Spanish centre-right Partido Popular (PP) gained a small advantage over Prime Minister Pedro Sanchez' socialist PSOE, while a new far-right party entered the European Parliament, according to first estimates.

The PP, led by Alberto Núñez Feijóo, received 32.4% of the votes, a 12% increase since 2019, as the socialists retained slightly over 30% of support, a 2% dip from the last election.

Núñez Feijóo's party, which currently has 13 seats in the European Parliament, is expected to get 21 to 23 seats based on the exit poll results, while Sanchez' party, which has 21, should get between 20 to 22 places.

The far-right Vox party should almost double their MEPs and get between six and seven seats in Parliament after receiving 10.4% of the votes, a 4% increase compared to 2019.

Yet, one of the biggest surprises is the rise of another far-right Spanish party, Se Acabó la Fiesta or The Party is Over, founded by so-called anti-establishment social media personality Alvise Perez, which would enter the European Parliament with two to three MEPs after receiving 3.9% of votes.

Vox's spokesperson, José Antonio Fúster, said the results proved an "undeniable fact" and the "advancement of patriots and sovereigntists" in the European Parliament. He also said Vox would act as a "glue" for all of the other far right parties in Europe.
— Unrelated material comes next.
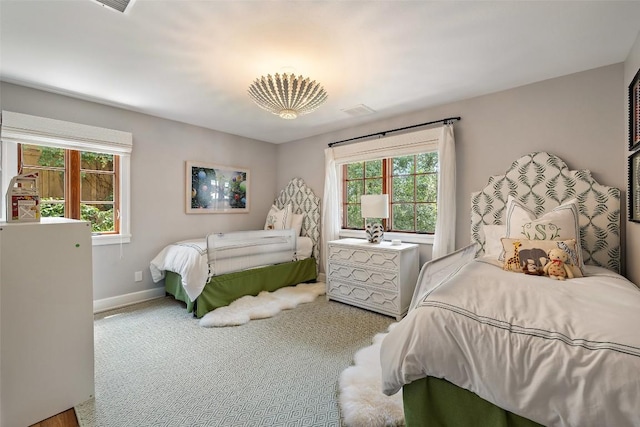 bedroom featuring carpet floors, visible vents, and baseboards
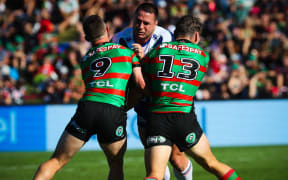 Warriors forward Lachlan Burr charges into the tackle of two Rabbitohs defenders.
The PP had been hoping to capitalise on voters' discontent over Prime Minister Sanchez' divisive amnesty law for Catalan separatists and the judicial probe into his wife, Begoña Gómez.

Even though results slightly favoured the PP, the PSOE comes out of these elections "reinforced," Juan Soto, founder of consulting company Fortius, told Euronews, which could complicate Núñez Feijóo's leadership. Despite the controversies surrounding Prime Minister Sanchez in the last weeks, his party only lost one seat compared to 2019, Soto added. "With everything in its favour, the PP still hasn't managed to win comfortably," Soto said.

Sanchez's coalition partner, left-wing Sumar, should secure three to four seats after receiving 6.4% of votes. Other left-wing Podemos party is expected to have two to three MEPs, with 4.4% of support.

Ahora Republicas, a group that includes the separatist group EH, should also get between two and three seats, according to results.